Endings, Beginnings, and a God Who Listens
An End-of-the-year Reflection
I have been delaying my end-of-the-year reflection.
Not because nothing happened, but because too much did.
The past year carried both endings and beginnings, often arriving together and refusing to be neatly separated. Some changes were chosen, others arrived uninvited. There were moments of gratitude, moments of grief, and many conversations (some hopeful, some tearful) about what it means to move forward when the path ahead is still unclear.
And yet, even here, there are many reasons to be thankful.
Last Sunday, Psalm 116 was mentioned during the service. I returned to it later, and the opening verses met me more gently than I expected:
I love the Lord, because he heard my voice;
he heard my cry for mercy.
Because he turned his ear to me,
I will call on him as long as I live.
The psalmist begins not with abstraction, but relationship.

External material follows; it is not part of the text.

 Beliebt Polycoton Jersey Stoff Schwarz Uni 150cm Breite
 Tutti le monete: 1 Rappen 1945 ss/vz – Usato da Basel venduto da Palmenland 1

“I love the Lord,” and then he tells us why.
Not because life is easy, but because God hears.
Because God listens.
Because God does not turn away from cries for mercy.
That, I recognize. To be heard. To be attended to. To cry out and not be dismissed. There is a quiet joy in knowing that our prayers do not disappear into silence.
As the psalm continues, it becomes clear that this is a testimony spoken after distress. The psalmist looks back on a season of fear and anxiety, on a time when death felt close, and remembers that he called on God anyway. He did not sanitize his emotions, edit his thoughts, or refine his prayers. He spoke honestly, and God responded. God protected him. God saved him.
Gratitude, in this psalm, is not theoretical. It is rooted in memory, in having lived through something that could have ended differently.
But then the psalm turns in a way that unsettles me:
Precious in the sight of the Lord
is the death of his faithful ones.
I stumbled here.
What does this mean?
Is the psalmist saying that God grieves when his people die? But how does that fit with the hope of being with God beyond death? Is this verse speaking to those left behind? The ones who mourn? Or is the psalmist speaking about himself, reflecting on how close he came to dying?
This is, after all, a deeply personal psalm.
Perhaps the psalmist is holding something more layered than a simple answer.
He is grateful that God saved him from death.
But he is also confessing that even if God had not, his life — and even his death — would still have mattered deeply to God.
The word translated precious does not mean pleasant or desirable. It carries the sense of something costly, weighty, not taken lightly. In other words, the death of God’s faithful ones is not insignificant. It is not cheap. It does not pass unnoticed.
That realization does not weaken the psalm. It strengthens it.
The psalmist’s gratitude is not naïve. It is not built on the assumption that God always intervenes in the way we hope. It is shaped by the recognition that God’s faithfulness is not hostage to outcomes.
His praise is not built on the fragile logic that says, God is good because I survived.
It rests on something sturdier: God is good because I am seen, heard, and held — whether in life or in death.
And so the psalmist vows to keep walking in God’s presence.
To keep calling on the Lord’s name.
To keep living a life of gratitude, not because everything turned out well, but because God remained attentive throughout.
That feels important to name as this year comes to a close.
Some prayers are still unanswered.
Some doors have not opened.
Some questions remain unresolved.
And yet, God hears.
God listens.
God saves, sometimes in ways we recognize, sometimes in ways we only understand later.
God protects.
God is merciful.
God cares.
Gratitude does not cancel the questions.
But neither do the questions cancel gratitude.
Gratitude does not require resolution.
It requires memory, honesty, and the courage to keep calling on a God who listens.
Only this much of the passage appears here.